What is an Encoding System?

To represent character data numerically (as in a computer file), one needs to decide on an encoding system that matches each numerical value to a specific characters. Each national language has one or more different encodings associated with it. So a single numerical value could represent any one of several different characters in several different languages, depending on the encoding system in use. Japanese alone has three common encoding schemes EUC, SJIS, and ISO-3022-JP. The last is sometimes referred to as JIS.

For a computer to display text that has been encoded as numerical data (an email message or a web page, for example), it needs to know what encoding system was used. If the encoding system is not specified explicitly in the email or on the web page, the email program or web browser will try to guess what encoding system was used, but this is not always easy. If the guess is wrong, the text will display as nonsense. You as the user can then tell the browser or email program to try interpreting the page with a different encoding system. You do this by selecting a different encoding choice from the encoding menu. Other pages on this site show how to do this in Apple Mail and Safari, for example.

What is Unicode?

Unicode is a standard for several closely related encoding systems that solves some of the problems above by using a much larger set of numerical values, and trying to represent all the characters of all major languages in a single encoding set. Each number encodes a unique character. Unicode is also referred to as UTF, for Unicode Transformation Format, and in the encoding menu of your browser you may see choices for Unicode encodings like UTF-8 and UTF-16. (If you are wondering why a single universal standard should produce several different encodings, see the note on encoding versus character set below).

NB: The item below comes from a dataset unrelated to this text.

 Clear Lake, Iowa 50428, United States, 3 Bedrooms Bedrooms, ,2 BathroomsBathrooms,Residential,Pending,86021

Unicode encoding systems naturally include encodings for Japanese and other Asian Languages. Most Mac software is "Unicode compatible," meaning you will be able to use Japanese with it once you have enabled Japanese on your system. (See the first page of this site for information about how to do this.)

Unicode has a few different advantages. One is that it can be used as a more or less single universal standard: everyone can use Unicode to encode data in their own language, without the confusion of having many different encoding systems in use. For example, this makes it possible to open and save the same Japanese text file in several different software applications, even on different platforms like Mac, Unix, and Windows. For web development, another immediate advantage is that with Unicode you can represent multiple languages on one web page. Without unicode, a single web page (or any pure text file) must use the same encoding throughout, so a page using a Japanese encoding scheme cannot contain characters that are not included in that set--Korean characters, for example. (Japanese encodings do contain roman characters, so you can mix English and Japanese on one page even without Unicode.)

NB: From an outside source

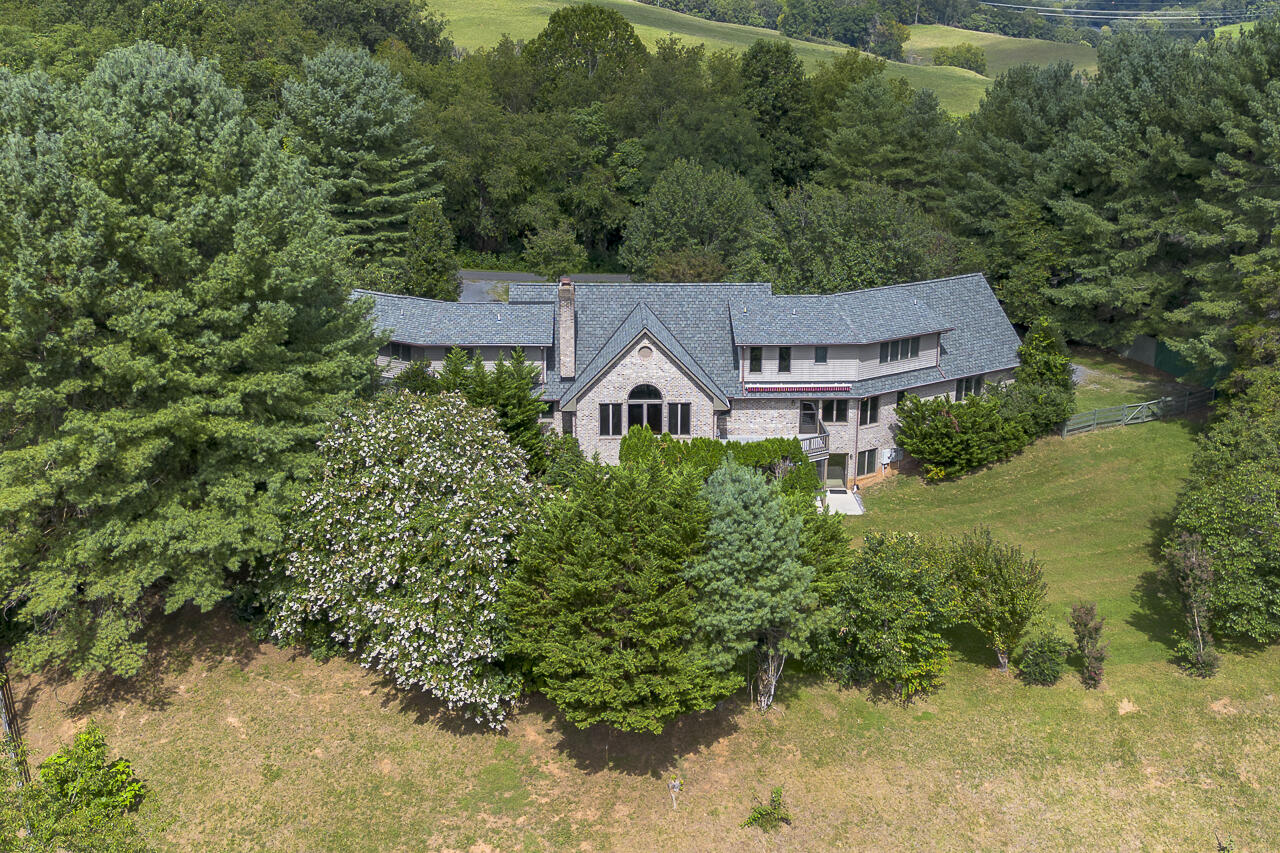 150 Forest Hill View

Note that an encoding system like Unicode is quite distinct from a font. If software that supports Unicode encounters text in Japanese, it may know that the message is composed of certain Japanese characters, but the computer may not have the fonts required to display those characters on the screen or printer. For this reason, to work in a language you also need a font for the language.

Encoding vs. Character set

If you are wondering why a single unified standard like Unicode should produce several different encodings, the answer is that what Unicode actually defines is a character set that matches every character with a unique integer number. But there are different ways of representing those integer numbers in the binary code (the ones and zeroes) that the computer uses. So UTF-8, UTF-16, and UTF-32 are three different encodings that all use the Unicode character set: each assigns the same integer to a given character, but each represents that integer with a different number and combination of ones and zeroes. (Actually the Japanese encodings EUC, Shift JIS, and ISO-3022-JP are all based on the same character set. EUC is most common on UNIX, Shift JIS on the web, and ISO-3022-JP in email.) The most common unicode encoding on the web is UTF-8. That is the encoding these pages use.

How to Manipulate the Encoding of Text Files on a Mac

Apple's TextEdit application can open text files in a range of different encodings and convert files to different encodings. You need to save the file in text format instead of the Rich Text Format (RTF) that is the program's default. From the Format Menu select "Make Plain Text" or select Plain Text as the format when first saving the file. You can use the application preferences to specify the encoding to open and save files in; you can also specify the encoding to use when opening a file via a menu in the open dialog box.

If you need to convert a large file like a dictionary file from one encoding system to another, you might try Cyclone, which allows you access Mac OS X's encoding converters directly.